Anthony Edwards, Guard, Georgia
Edwards made the interesting decision of staying close to home and attending a non-perennial power in Georgia despite being one of the top recruits coming out of high school. Edwards is a physical, skilled combo guard that can score from anywhere on the floor.
Nico Mannion, Guard, Arizona
Mannion is the quintessential modern NBA point guard. He has decent size and athleticism to go along with a terrific balance of play making and scoring. He’s a three level scorer who will share time in the back court with Josh Green, another highly touted prospect who didn’t quite make the cut of players getting their names bolded in this article.
Jaden McDaniels, Forward, Washington
The brother of Hornets second round pick Jalen McDaniels, Jaden joins the Washington Huskies as the top prospect coming out of the state of Washington. He’s built like his brother, long and lanky, and boasts a decent combination of length and skill. He’s not as far along in his development as most of these other prospects, but he’s been given the ever-intriguing ‘potential’ label.
Scottie Lewis, Wing, Florida
Lewis is this year’s high-motor athlete that’s projected to go in the lottery based on defense and explosiveness. His offensive game is still a work in progress, but if he shows refinement on that area of the floor, he could vault to the top part of the lottery.
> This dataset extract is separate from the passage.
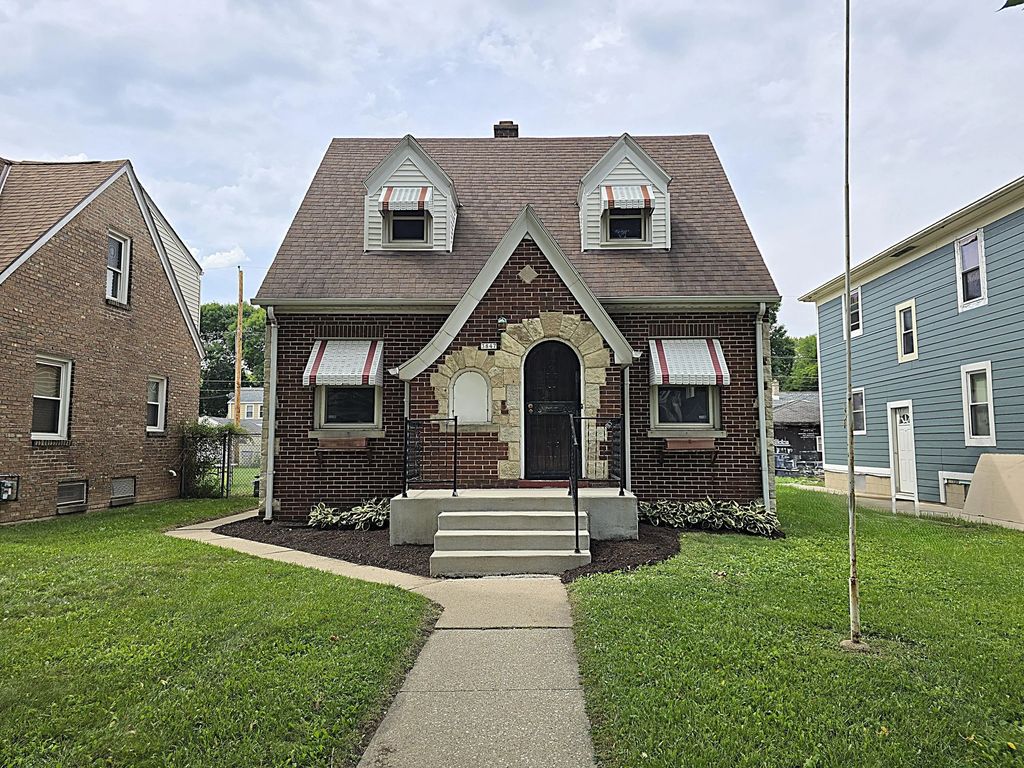 3847 N 36th St, Milwaukee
Other notables: Precious Achiuwa (Memphis), Isaiah Stewart (Washington), Tyrese Maxey (Kentucky)
RJ Hampton, Guard, New Zealand Breakers
Hampton decided to skip college to go pro straight out of high school. He’s part of the Australian NBL’s Next Stars Program, a program that intends to develop young NBA hopefuls that don’t want to go to college or deal with the NCAA. Hampton has few holes in his game from a basketball standpoint, but he’s still maturing physically.
Deni Avdija, Wing, Maccabi Tel Aviv (Israel)
Avdija is a 6’9” positionless player with a mean streak. He’s coming off a summer in which he won MVP of the FIBA U20 European Championships. In his seven games during that tournament, Avdija averaged 18.4 points, 8.3 rebounds, 5.3 assists, 2.4 blocks, and 2.1 steals per game. Decent.
Theo Maledon, Guard, ASVEL (France)
Maledon is a big combo guard that is currently best suited as a distributor. He has good instincts and plus potential on both ends of the floor, especially if he can perfect his outside shot.
Lamelo Ball, Guard, Illawarra (Australia)
Yes, we’re going there. Ball joins Hampton in the Next Stars Program after a tumultuous amateur career. He wowed scouts at the NBL’s preseason tournament, bettering the NBL’s reigning defensive player of the year and putting up crazy stat lines. He still has a lot of maturing to do physically and people are naturally going to be skeptical of his ability to play within a team concept given his history, but he’s getting a lot of buzz early on in the process. It would help if he followed his brother Lonzo’s lead in distancing himself from his father regarding basketball matters.